A confidence interval for a population mean is an interval (estimate ± margin of error) computed so that, in repeated sampling, it contains the true mean with a specified confidence level (typically 95%). For large samples, use the normal (z) distribution: x̄ ± z* × (s/√n). For smaller samples, use the t-distribution: x̄ ± t* × (s/√n). The confidence level describes the long-run proportion of intervals that capture the parameter, not the probability that the true mean lies in a specific computed interval.
Compute confidence intervals for various sample sizes and confidence levels. Interpret them correctly in context. Observe that wider confidence levels produce narrower intervals and vice versa.
Thinking a 95% CI means 95% probability the true mean is in the interval (it's fixed; the interval is random). Confusing confidence level with p-value. Misunderstanding how sample size affects margin of error.
The Central Limit Theorem guarantees that for a large enough sample, the sample mean X̄ is approximately normally distributed with mean μ and standard deviation σ/√n, regardless of the population's shape.
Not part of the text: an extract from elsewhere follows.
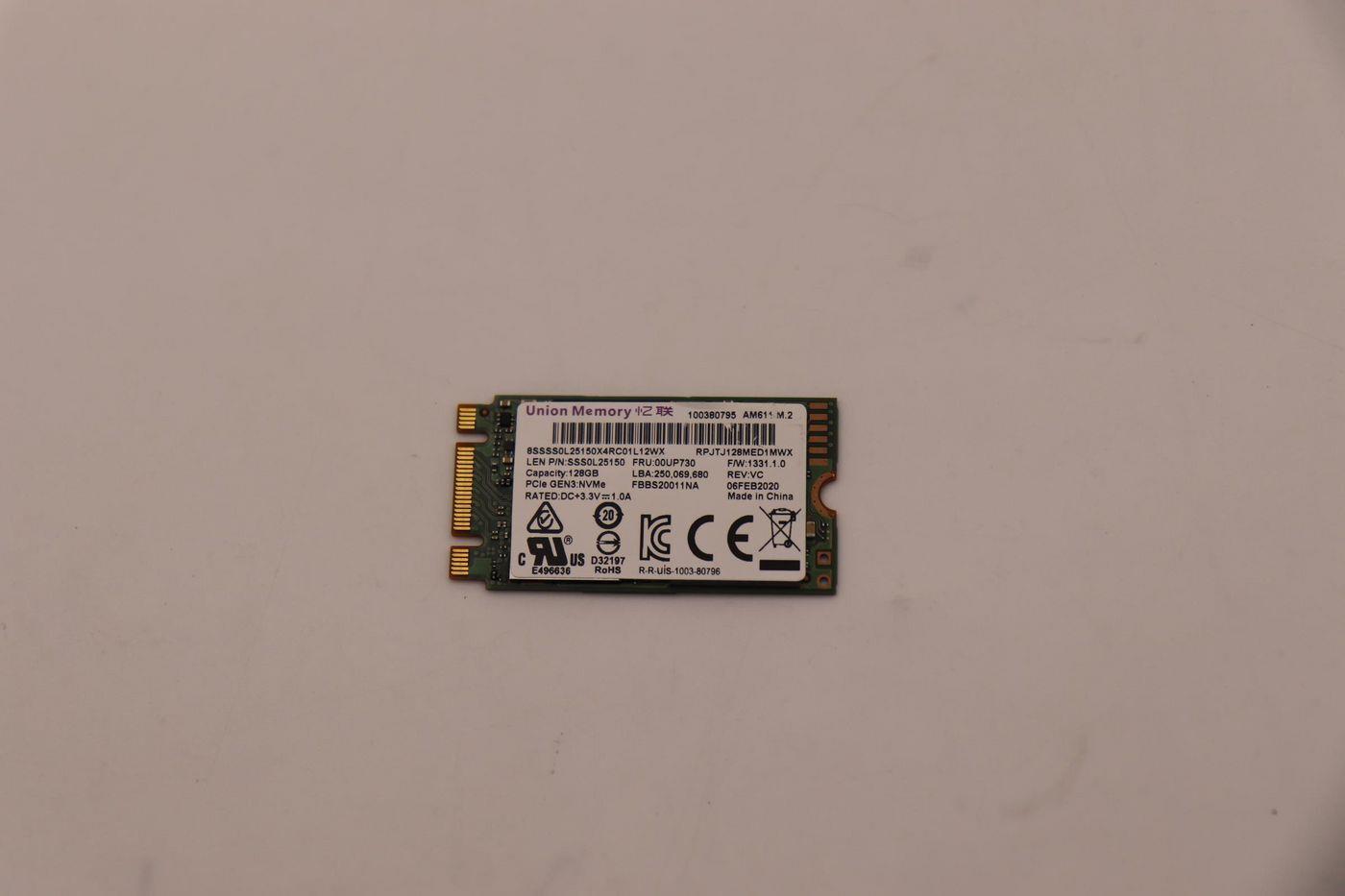 Lenovo PCIe NVMe SSD 128GB M.2 2242 (00UP730)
This is the fact that makes confidence intervals for means work. From your study of z-scores, you can standardize: the quantity (X̄ - μ)/(σ/√n) is approximately standard normal. Choosing z* = 1.96, we know P(-1.96 ≤ (X̄ - μ)/(σ/√n) ≤ 1.96) ≈ 0.95. Rearranging to isolate μ in the middle gives X̄ - 1.96(σ/√n) ≤ μ ≤ X̄ + 1.96(σ/√n) — the 95% confidence interval.
In practice σ is unknown, so substitute the sample standard deviation s. For large samples (n ≥ 30 is a common guideline), this substitution introduces negligible additional error and the z-interval X̄ ± 1.96(s/√n) applies. The quantity 1.96(s/√n) is the margin of error — half the interval width. Notice two things: the margin of error shrinks like 1/√n as sample size grows, and the multiplier 1.96 corresponds to 95% confidence. For 99% confidence use z* = 2.576, which widens the interval. More confidence requires a wider net.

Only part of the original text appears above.